We broke up. Again.
Again it was about his panic over commitment, and again, it started with me wondering yet again if this would all blow over in a day or two. And I'll share with you the thing that really got to me: He said something about how on all of his memberships, on MySpace, Friendster, OKcupid, whatever, that he'd intentionally never changed his profile from "single" to "seeing someone." Yes, I'd noticed it before, but I'd always ascribed it to laziness, to an oversight. I never took it to mean that he didn't consider us to be together.
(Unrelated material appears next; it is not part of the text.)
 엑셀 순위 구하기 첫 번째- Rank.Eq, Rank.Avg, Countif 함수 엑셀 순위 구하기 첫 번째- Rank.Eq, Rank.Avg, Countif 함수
But here, tonight, it struck me as a gigantic insult, at the very least. When we went through this in April, I blamed myself. I figured it had only been a few weeks, and I'd misunderstood his intentions. But now, after spending the better part of a year together ... well, I told him that he knew full well that I had not been looking at it as a casual thing, and that, knowing that, if it really was true, if he was really just "hanging out," well, then that was incredibly mean, and cruel.
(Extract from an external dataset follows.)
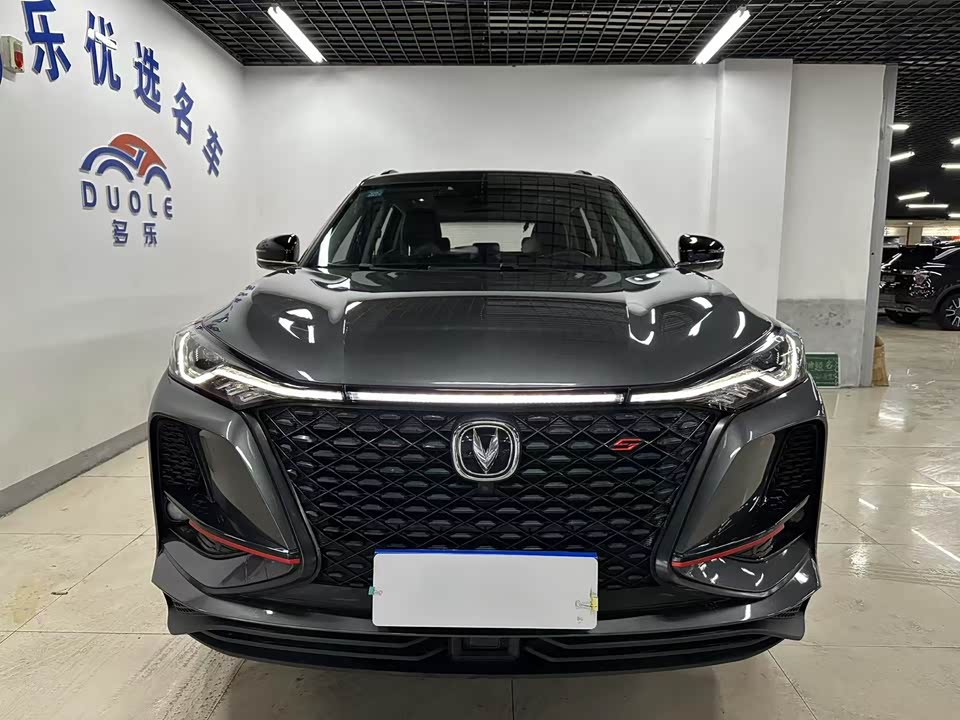 Changan CS75 PLUS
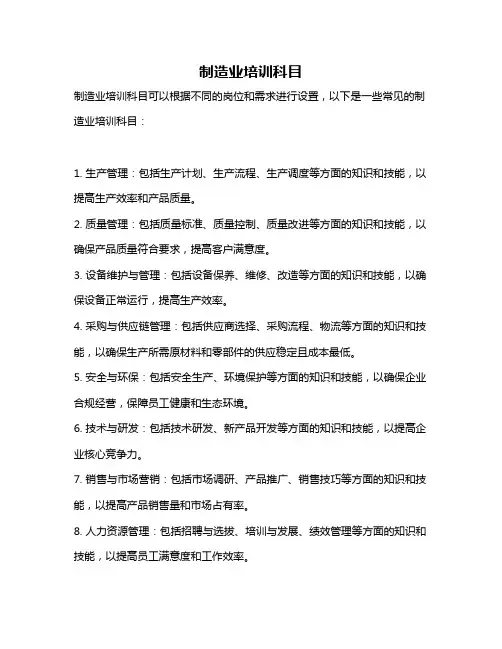 制造业培训科目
My friend Dan talked me through the drive home, and asked what I wanted. What I want, as I told both him and n0thingman, is for Rob to not pull this crap anymore, to not break up with me every few weeks, or months, or whatever. The incredibly sad thing is that I also understand that the only way that this will happen is if I don't let him come back to me again.
I honestly have no clue what I'm going to do.
For now I plan to lie on the couch and watch Bette Davis movies until sleep claims me. I also plan to smoke, which I realize isn't the wisest choice, but which also isn't the worst choice either.
Sympathy, advice, affection, whatever -- it's all welcome.